Cosa è successo dopo il suo appello?
«Per averlo lanciato sono stato attaccato da molti. Oggi mi limito ad osservare che tutti dicono la stessa cosa, ma con una tempistica diversa, dato che siamo fuori tempo massimo. Mi auguro che il centrodestra, in queste ore, riesca a fare sintesi per trovare il miglior candidato possibile».
Si dice che si attende il voto di domenica nelle Marche e la divisione delle Regioni tra i partiti. Ai cittadini quale messaggio sta arrivando?

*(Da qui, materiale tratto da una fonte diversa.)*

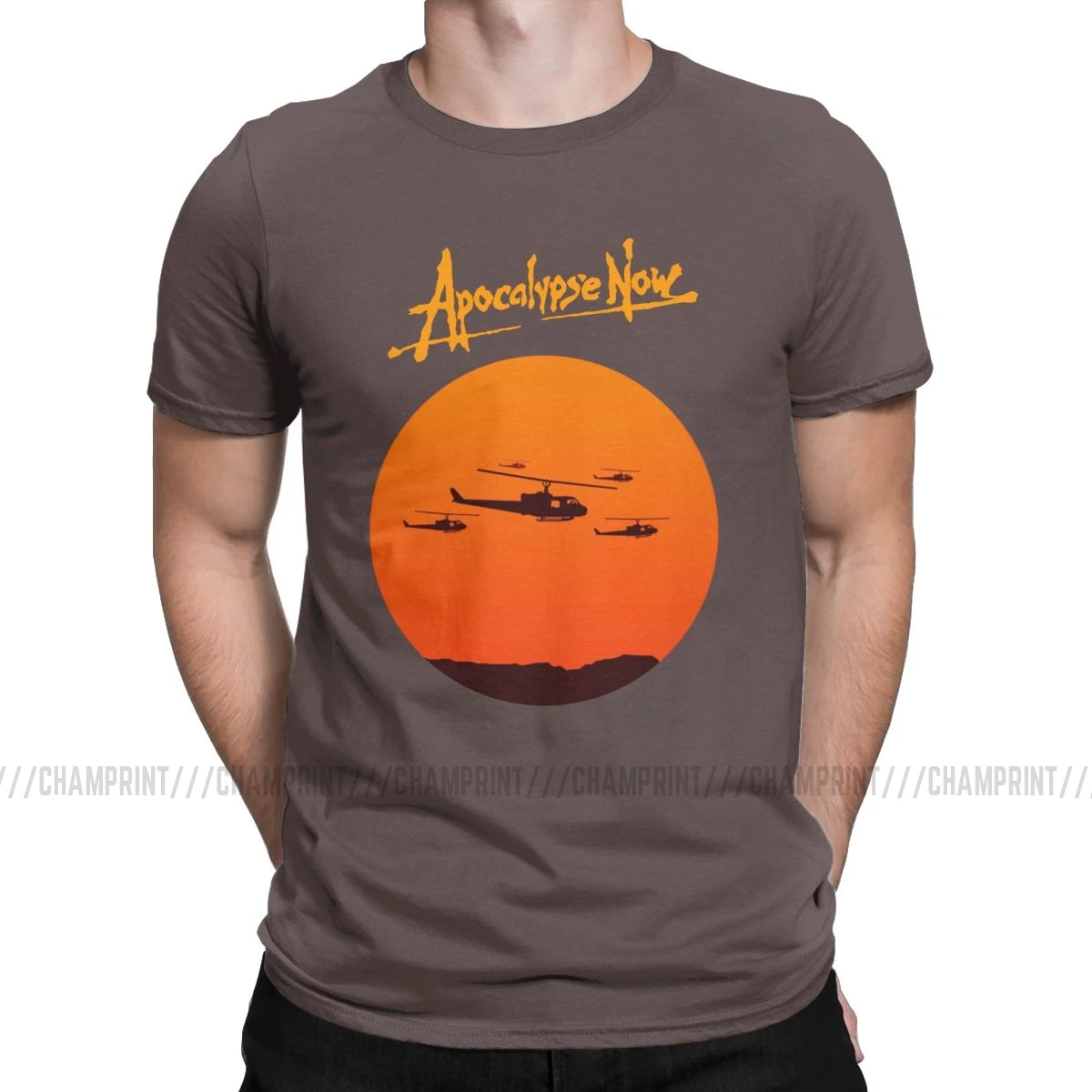 Забавная футболка «Apocalypse Now Vietnam War», мужские хлопковые футболки с круглым вырезом, футболка с коротким рукавом, Новое поступление, одежда - Цвет: Коричневый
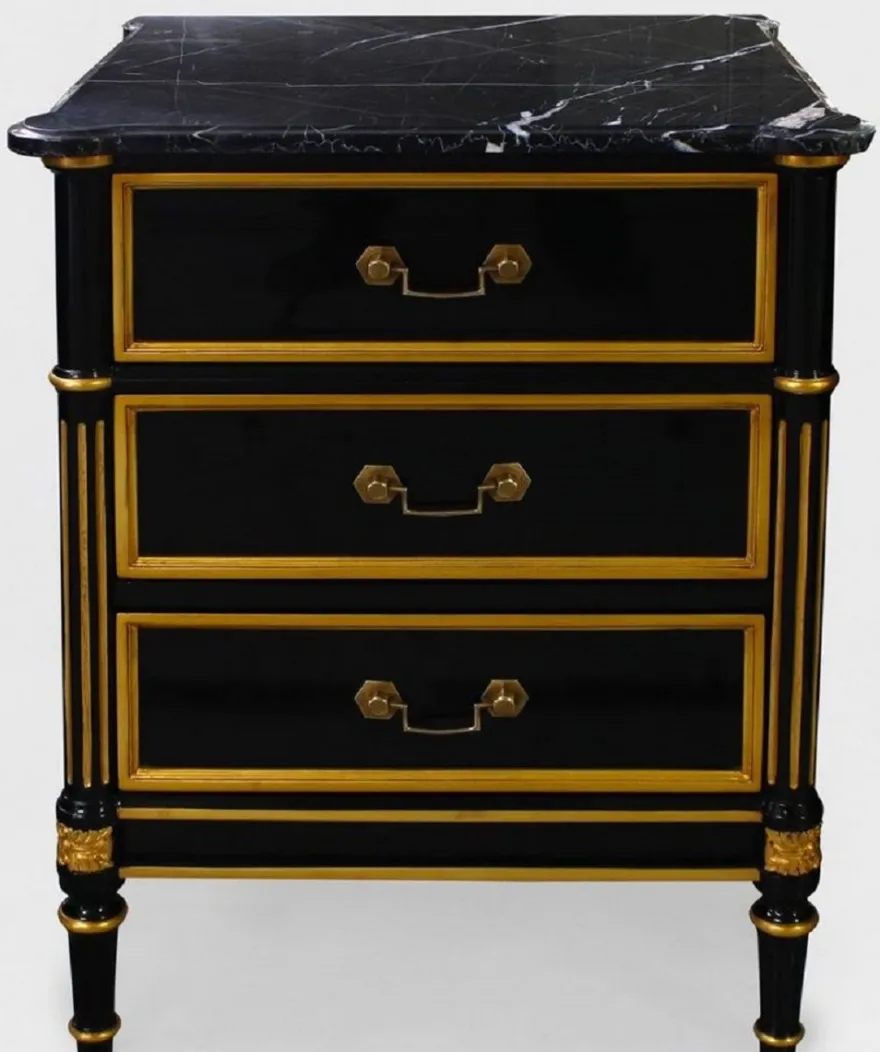 Casa Padrino Luxus Barock Nachtkommode Schwarz / Gold - Barock Mahagoni Nachttisch mit 3 Schubladen und Marmorplatte - Barock Schlafzimmer Möbel - Luxus Möbel in Barockstil - Edel & Prunkvoll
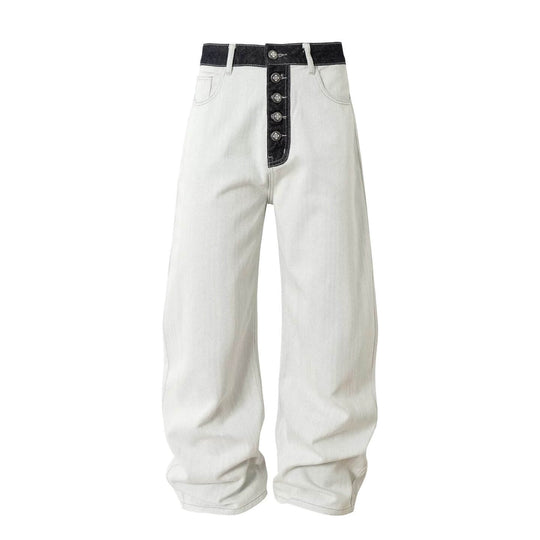 YADcrew Herringbone Waist Contrast Baggy Jeans | Face 3 Face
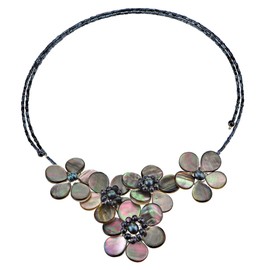 AeraVida Ocean Bouquet Black Lip Shell and Cultured Freshwater Pearl(Dyed) Floral Choker Wrap Necklace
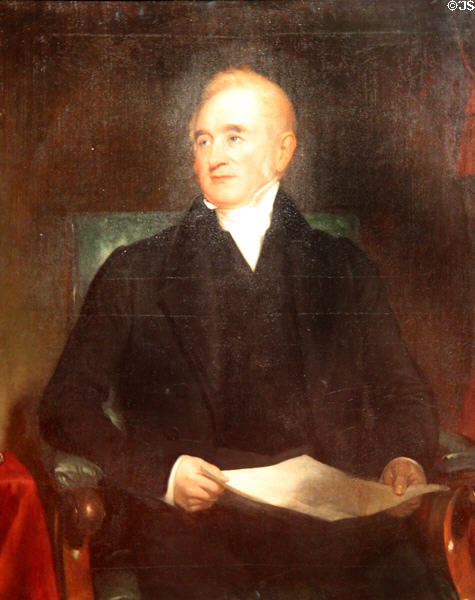 George Stephenson (built first public railway) portrait (c1845) by Henry William Pickersgill at National Portrait Gallery. London, United Kingdom.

«La Puglia da capitale dell’impero della destra politica italiana non può arrendersi a diventare estrema periferia dell’impero, condannata a perdere sempre e a vantarsi di dati che alle Politiche e alle Europee sono merito esclusivo di Meloni. In Puglia la destra, per senso di responsabilità e rispetto verso i suoi tanti elettori, deve riconquistare i suoi spazi che si costruiscono con visione e coraggio».
L’ultima voce, smentita, riguardava la presunta candidatura di Vannacci per la corsa solitaria della Lega. Ogni partito va per la sua strada?
«Il centrodestra deve presentarsi unito. Vannacci ha smentito questa ipotesi. Proprio in Puglia dove il centrodestra è nato non possiamo presentarci divisi. Sarebbe la fine di tutto. Il centrodestra locale deve aiutare il governo Meloni, non può diventare un problema. Sono certo che andremo uniti con la migliore proposta possibile».
I possibili candidati della società civile si sono tirati indietro. Non proprio un bel segnale, non crede?
«Un candidato civico va costruito nel tempo. Dopo le politiche del 1994 Pinuccio aveva già deciso chi sarebbe diventato l’anno dopo, nel 1995, sindaco di Bari, presidente della Provincia di Bari e presidente della Regione. Di Cagno Abbrescia, Sorrentino, Distaso: il famoso triplete, fu costruito con un anno di anticipo».
Quali dovrebbero essere a suo avviso i punti salienti del programma che il centrodestra dovrebbe proporre ai pugliesi?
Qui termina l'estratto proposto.